As the dram loses its value, it will cost Armenians more and more to pay for goods imported from abroad. Economists and businessmen warn that higher prices for goods and services, combined with sluggish economic growth, can only increase the number of people living in poverty. The World Bank says that eight out of ten Armenians were earning under five dollars a day as of 2011.

"The Armenian economy relies on imports, and we need foreign currency – dollars and euro – to buy imports,” said Vardan Hakobyan, who owns a grocery store in the centre of the capital Yerevan. “If the exchange rate against the dollar rises, that will lead to higher prices for goods and especially food. People will be forced to reduce spending, and this will lead to a reduction in economic growth and in business receipts."

Arsen Ghazaryan, chairman of the Union of Manufacturers and Businessmen of Armenia, says the sharp currency depreciation is a threat to commercial activity.

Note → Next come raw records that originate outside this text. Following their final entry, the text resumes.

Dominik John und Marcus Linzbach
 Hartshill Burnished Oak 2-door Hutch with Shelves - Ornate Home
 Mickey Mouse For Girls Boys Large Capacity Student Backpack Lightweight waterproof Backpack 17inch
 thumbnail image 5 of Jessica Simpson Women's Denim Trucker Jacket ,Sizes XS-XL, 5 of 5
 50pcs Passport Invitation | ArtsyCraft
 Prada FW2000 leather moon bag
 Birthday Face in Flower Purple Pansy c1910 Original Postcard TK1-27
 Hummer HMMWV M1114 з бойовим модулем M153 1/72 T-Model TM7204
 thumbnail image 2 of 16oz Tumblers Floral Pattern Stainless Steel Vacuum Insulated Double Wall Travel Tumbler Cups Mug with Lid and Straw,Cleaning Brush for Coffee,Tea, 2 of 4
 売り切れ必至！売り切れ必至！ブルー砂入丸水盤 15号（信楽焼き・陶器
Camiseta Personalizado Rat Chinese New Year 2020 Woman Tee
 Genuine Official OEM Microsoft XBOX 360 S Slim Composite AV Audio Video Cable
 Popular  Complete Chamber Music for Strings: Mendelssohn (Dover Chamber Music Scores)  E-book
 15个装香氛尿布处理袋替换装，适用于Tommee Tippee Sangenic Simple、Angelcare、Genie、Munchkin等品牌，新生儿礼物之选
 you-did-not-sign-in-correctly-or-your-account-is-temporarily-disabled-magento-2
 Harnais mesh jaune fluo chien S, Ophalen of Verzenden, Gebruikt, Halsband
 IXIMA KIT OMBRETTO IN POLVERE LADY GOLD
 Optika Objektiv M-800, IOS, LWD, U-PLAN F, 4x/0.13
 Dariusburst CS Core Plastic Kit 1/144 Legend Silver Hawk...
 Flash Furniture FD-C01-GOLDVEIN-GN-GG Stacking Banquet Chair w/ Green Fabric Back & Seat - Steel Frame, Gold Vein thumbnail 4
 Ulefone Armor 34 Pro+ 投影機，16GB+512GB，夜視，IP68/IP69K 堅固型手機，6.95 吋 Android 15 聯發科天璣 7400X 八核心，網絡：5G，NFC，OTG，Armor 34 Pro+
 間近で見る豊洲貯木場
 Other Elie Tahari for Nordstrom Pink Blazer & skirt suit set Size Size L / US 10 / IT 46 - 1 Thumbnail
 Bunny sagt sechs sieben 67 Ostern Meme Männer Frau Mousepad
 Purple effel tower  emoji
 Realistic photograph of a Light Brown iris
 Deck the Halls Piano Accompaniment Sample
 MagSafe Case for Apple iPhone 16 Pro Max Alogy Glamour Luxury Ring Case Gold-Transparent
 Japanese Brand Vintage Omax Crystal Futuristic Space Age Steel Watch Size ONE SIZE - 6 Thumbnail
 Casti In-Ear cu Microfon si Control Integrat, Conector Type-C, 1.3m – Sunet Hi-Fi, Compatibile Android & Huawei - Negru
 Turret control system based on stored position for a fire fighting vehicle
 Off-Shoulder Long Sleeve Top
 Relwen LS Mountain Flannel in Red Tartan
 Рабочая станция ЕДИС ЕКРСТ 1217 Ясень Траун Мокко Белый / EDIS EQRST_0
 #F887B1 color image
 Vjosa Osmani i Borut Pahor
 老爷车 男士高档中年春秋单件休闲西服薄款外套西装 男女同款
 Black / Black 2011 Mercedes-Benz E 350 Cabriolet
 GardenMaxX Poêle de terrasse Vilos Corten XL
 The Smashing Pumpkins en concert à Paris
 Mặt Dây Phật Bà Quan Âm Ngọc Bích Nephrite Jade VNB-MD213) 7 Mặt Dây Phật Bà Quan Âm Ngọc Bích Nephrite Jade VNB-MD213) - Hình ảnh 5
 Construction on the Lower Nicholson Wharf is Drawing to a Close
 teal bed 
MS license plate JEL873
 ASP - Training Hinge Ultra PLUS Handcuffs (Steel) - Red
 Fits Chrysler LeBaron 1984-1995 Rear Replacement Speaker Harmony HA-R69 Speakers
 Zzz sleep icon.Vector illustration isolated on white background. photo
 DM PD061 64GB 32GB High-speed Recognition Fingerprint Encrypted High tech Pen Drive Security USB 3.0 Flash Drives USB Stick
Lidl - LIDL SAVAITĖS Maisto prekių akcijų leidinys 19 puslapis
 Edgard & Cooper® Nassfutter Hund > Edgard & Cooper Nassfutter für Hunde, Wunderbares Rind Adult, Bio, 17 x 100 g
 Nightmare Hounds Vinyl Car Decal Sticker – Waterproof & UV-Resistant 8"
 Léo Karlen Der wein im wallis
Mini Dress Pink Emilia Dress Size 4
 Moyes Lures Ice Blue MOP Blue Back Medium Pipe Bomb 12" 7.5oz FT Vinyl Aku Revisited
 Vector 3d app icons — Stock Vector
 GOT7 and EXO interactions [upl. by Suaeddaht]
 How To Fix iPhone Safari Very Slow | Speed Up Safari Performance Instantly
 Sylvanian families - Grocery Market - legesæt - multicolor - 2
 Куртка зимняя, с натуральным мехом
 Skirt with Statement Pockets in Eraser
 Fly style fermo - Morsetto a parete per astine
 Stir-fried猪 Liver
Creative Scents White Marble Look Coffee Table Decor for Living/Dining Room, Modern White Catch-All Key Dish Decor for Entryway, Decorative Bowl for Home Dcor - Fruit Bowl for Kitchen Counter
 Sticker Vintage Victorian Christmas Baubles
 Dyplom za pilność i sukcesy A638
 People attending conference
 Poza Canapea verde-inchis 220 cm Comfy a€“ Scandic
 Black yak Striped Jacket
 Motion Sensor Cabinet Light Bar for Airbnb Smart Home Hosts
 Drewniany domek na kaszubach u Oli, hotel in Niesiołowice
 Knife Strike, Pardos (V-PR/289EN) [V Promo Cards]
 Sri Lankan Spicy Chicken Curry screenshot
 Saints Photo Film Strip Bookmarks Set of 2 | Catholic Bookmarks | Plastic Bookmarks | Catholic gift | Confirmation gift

"Predictability is an important factor for the market,” he said. “If, for example, the dram fell by one or two percentage points over three months, it wouldn’t be a problem, but this kind of sharp drop is very dangerous for business. We don’t want a repeat of March 3, 2009 when the dram depreciated by more than 20 per cent in one day and undermined confidence in the national currency.”

Parallels with the 2008-09 global economic crisis are a particular concern for Armenias, since the consequences of that recession have not yet been overcome. According to the International Monetary Fund (IMF), Armenia’s economy contracted by 14 per cent in 2009, making it the fourth hardest-hit in the world. Since then, neighbours Azerbaijan and Georgia have both managed to regain the ground that was lost – in 2010 and 2011 respectively – but the IMF does not expect Armenia to do so until 2016.

Vardan Bostanjyan, an economist and former parliamentarian, warns that the government is going to struggle to achieve its target of four per cent for economic growth, pointing out that the current rate is just 2.6 per cent.

"The current devaluation of the dram shows that the economy isn’t in great shape, to put it mildly,” he said. “How they’re going to deliver four per cent growth I cannot imagine. Just as in 2009, the state of the Russian economy may have a serious impact on us."

To make matters worse, the Russian economy is expected to contract further over the coming months. In mid-November, the Central Bank of Russia reduced its growth projection for 2014 from 0.4 to 0.3 per cent, and it is forecasting zero growth for next year. If oil prices fall to 60 dollars a barrel, the bank says the Russian economy could contract by 3.5 or four per cent in 2015.

Some economists have expressed concern about what they see as the failure of Armenia’s monetary policymakers to support the national currency.

Hayk Gevorgyan, an economic columnist for the Armenian Times, pointed out that in an effort to prevent the fall of the dram in the first three weeks of November, the central bank sold 92 million dollars from its foreign currency reserves, which total only 1.6 billion dollars.

“However, as we can see, this didn’t help, and the national currency depreciated sharply," Gevorgyan said.

In a statement released on the evening of Black Monday, November 24, the central bank rejected claims that it was unable to maintain stability.

"Adjustments to the exchange rate are being driven by recent developments on regional and international financial markets, and [are designed to] assist export competitiveness and economic growth. The Central Bank of Armenia has enough foreign reserves to prevent all possible artificial exchange rate fluctuations and to ensure financial stability," the statement said.

Armen Karapetyan is a freelance journalist in Armenia.